We were working on a project that had a particular request. They wanted to server up data to ~12,000 users. When thinking about utilizing Snowflake as the backend for this, it would probably end up being pretty costly for just reading data that wasn't changing all that frequently. We were contemplating other ways to house the data without incurring these costs, but also without dramatically changing the codebase, which typically will connect directly to Snowflake.
The first thought was to export a series of CSVs and then load them as Pandas Data Frames. For some use cases, where Snowflake is directly loading a table to Pandas, this would work; however, for cases where we needed to process more complex queries, this wouldn't work.
Then we spotted a couple of intriguing posts from the data community. Let's dive in and take a look at why SQLite and DuckDB might be fantastic alternatives to direct connections or primitive CSV-based workflows.
Just about everyone has used SQLite in their data journey. It's often one of the first data sources people are introduced to in their learning journey, either in school or online courses. It has, of course, a great SQL interface as well as extensive support built into Python with the sqlite3 package. In the following post, X goes over some mind-bending facts about SQLite that might help you understand the power of this. This is not just a "dumb" database format.
A more recent database to gain popularity is DuckDB. DuckDB has a lot of similarities to SQLite and for the use case above, either one will work perfectly. Here are some benefits of DuckDB overall.
While either database format would work, DuckDB might be the optimal choice based on its modern take and its extensive support for a modern data ecosystem. This article gives a wonderful overview in much more detail on DuckDB.
Feature | SQLite | DuckDB |
DuckDB | Embedded SQL database for transactional workloads | Embedded SQL database optimized for analytical workloads |
Use Case | OLTP (Online Transaction Processing) | OLTP (Online Transaction Processing) |
Storage Model | Row-oriented | Column-oriented |
Performance Focus | Fast for small transactions and single-row operations | High performance for analytical queries and large datasets |
Parallel Processing | Single-threaded | Supports multi-threaded query execution |
SQL Features | Full SQL support for transactional operations | Full SQL support with advanced analytics functions |
Data Format Support | Primarily operates on its own database files | Directly reads modern data formats (e.g., Parquet, CSV, JSON) |
Integration with Tools | Limited integration with modern analytics tools | Seamlessly integrates with Python, R, Julia, Pandas, and Arrow |
ACID Compliance | Fully ACID compliant | Fully ACID compliant |
Resource Usage | Minimal memory and disk usage | Optimized for high performance with slightly higher memory use |
License | Open source (Public Domain) | Open source (MIT License) |
Target Audience | Developers building lightweight apps with transactional needs | Data scientists, analysts, and engineers working on data analytics |
Before we get started, this script is pretty long. If you want to check it out in its entirety, head over to GitHub for SQLite or DuckDB, and take a look.

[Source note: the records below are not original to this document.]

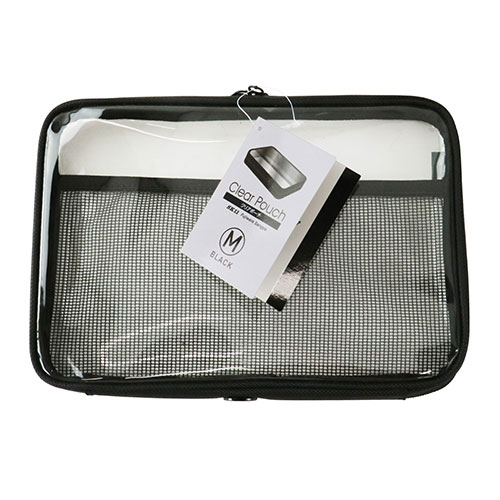 SK11・クリアポーチ ブラック M・M 180X260－収納用品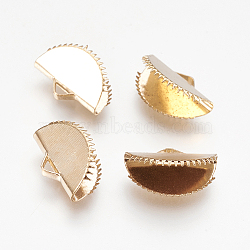 Iron Ribbon Crimp Ends, Fan, Light Gold, 10x15mm, Hole: 1.5x3mm(X-IFIN-I026-02LG-B)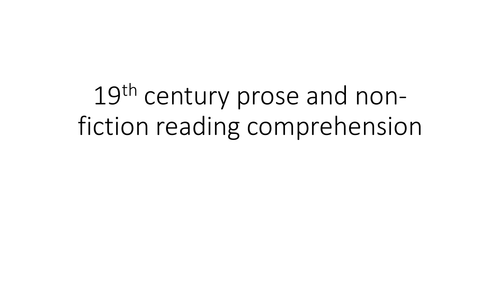 GCSE English Language reading 19th century prose and non-fiction texts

The scripts start off with fetching the schemas from Snowflake and creating a corresponding table in the local database. Because neither SQLite nor DuckDB supports all of the same data types as Snowflake, the script will map each of the Schema values to the appropriate matching supported type. While they aren't perfect matches, in a majority of cases, this will be transparent to your use case.
Next, the script will fetch the data from Snowflake, convert any data retrieved to a matching data type if needed, and then insert those into the local database.
def main():
"""
Main function to orchestrate the data transfer from Snowflake to SQLite.
"""
snowflake_connection = snowflake_connection_helper()
print("Snowflake connection established.")
try:
for table_name in table_names:
print(f"Processing table: {table_name}")
# Fetch Snowflake schema
schema = fetch_table_schema(snowflake_connection, table_name)
# Create table in SQLite/DuckDB
create_table_in_sqlite(table_name, schema)
# Fetch data from Snowflake
data, _ = fetch_data_from_snowflake(snowflake_connection, table_name)
# Convert data types based on schema
converted_data = convert_data_for_sqlite(data, schema)
# Write to SQLite/DuckDB
write_data_to_sqlite(converted_data, table_name)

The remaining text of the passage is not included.